One approach I did find for using async functions in short scripts is to declare an anonymous async function and immediately invoke it:

(async function() {
	const result = await somethingNetwork();
	console.log("Result", result);
}) ()

What’s the difference between function and =>?

In JavaScript, => is called a ‘fat arrow’. Fat arrows are a shorthand way to create functions (with some restrictions as below):

function anonymous(name) {
  console.log("Hello", name);
}

you can use:

name => console.log("Hello", name);

Apart from anything it saves coming up with lots of different names for anonymous functions.

Limitations of =>

As handy as this is, there are some limitations of the fat arrow form.

No this

A function defined with => doesn’t have a this to reference. A (somewhat contrived) example - this works:

withFunction = {
  answer: 42,
  ask: function () {
    console.log("The answer is:", this.answer);
  }
};
withFunction.ask();

Producing:

The answer is: 42

This one doesn’t:

withArrow = {
  answer: 42,
  ask: () => {
    console.log("The answer is:", this.answer)
  }
}
withArrow.ask();
The answer is: undefined

A more real-world example of this can be seen with Vuex - if you’re defining a mutation or an action and you use a fat arrow function, it probably won’t work as you expect.

As an implication of this — because there’s no this, you can’t use super either.

Can’t be used as constructors.

If you’re defining a class, you must use the full function foo(bar) {} form.

Can’t use yield

I have to admit this hasn’t been a problem for me, I haven’t yet had a cause to use generators.

When to use (foo) => and when to use foo =>?

The foo => ... form accepts one and only one parameter, and even then only if it’s a simple form.

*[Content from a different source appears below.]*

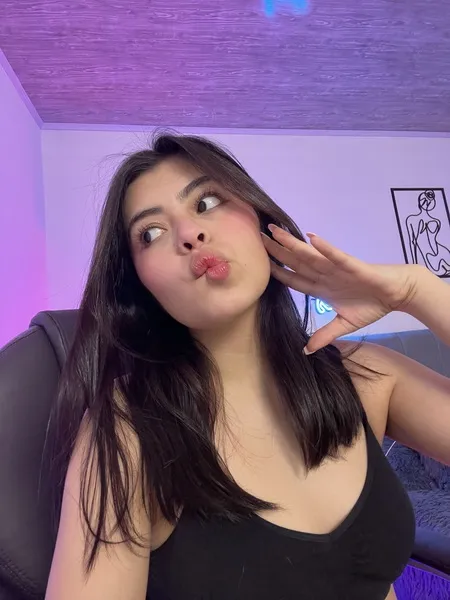 Live sex webcam photo for PaulinaMoure #7257270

If you need to indicate no parameters, bracket are required.

() => console.log("I'm not listening to you");

If you need to pass two, (foo, bar) => ... then it needs brackets. So this is fine:

foo => console.log("I'm a valid construction");

And this:

(foo, bar) => console.log("You gave me", foo, "and", bar);

But this is not:

foo, bar => console.log("While I won't run!");

Important note

If you need to do anything at all with that single parameter, you need brackets. For example - need to add a TypeScript type? Brackets. Need to destructure? Brackets. Want to supply a default parameter? Brackets. And so on.

What this boils down to - just because you cando something, doesn’t mean you should. For reference, see Kyle Simpson’s wonderful flowchart.

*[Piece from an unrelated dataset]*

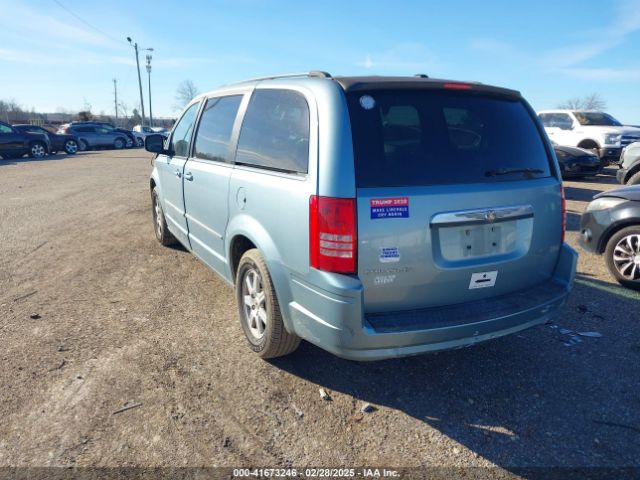 2010 CHRYSLER TOWN & COUNTRY 2A4RR5D13AR308522 Photo 2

Flowchart for when to use brackets
Brackets flowchart

When to use foo => {bar; return baz} and when foo => bar?

If the function body is a single statement, you can omit the braces. Otherwise, the braces are required.

If the braces are omitted, then the return is implied and must be omitted as well.

One statement, with implied return:

foo => foo + 1

More than one statement, with explicit return:

foo => {
	console.log("You gave me", foo);
	return foo + 1;
}

Closures

Kind of a hybrid - part data, part function. I’ve come across closures before, but JavaScript makes them easier to use than the other languages I’ve spent much time with.

A closure is essentially a function together with the environment present when it was created.

function makeClosure(outerArgument) {
  // Return a function which adds 'outerArgument' to
  // whatever argument it's given.
  return function(innerArgument) {
    return outerArgument + innerArgument;
  }
}

addOne = makeClosure(1)
console.log("Created addOne", addOne);
console.log("Two plus one is", addOne(2));

Which outputs:

$ node closure.js
Created addOne [Function (anonymous)]
Two plus one is 3

Note that the function returned is anonymous, simply because we didn’t name It in makeClosure. It’s quite possible to name it, though I haven’t found it to serve much purpose (so far).

That’s a trivia example of a closure - for a more useful one see my other blog post on using Axios.

Conclusion

I hope that’s been a useful introduction for someone — wish I’d known these when I started with JavaScript!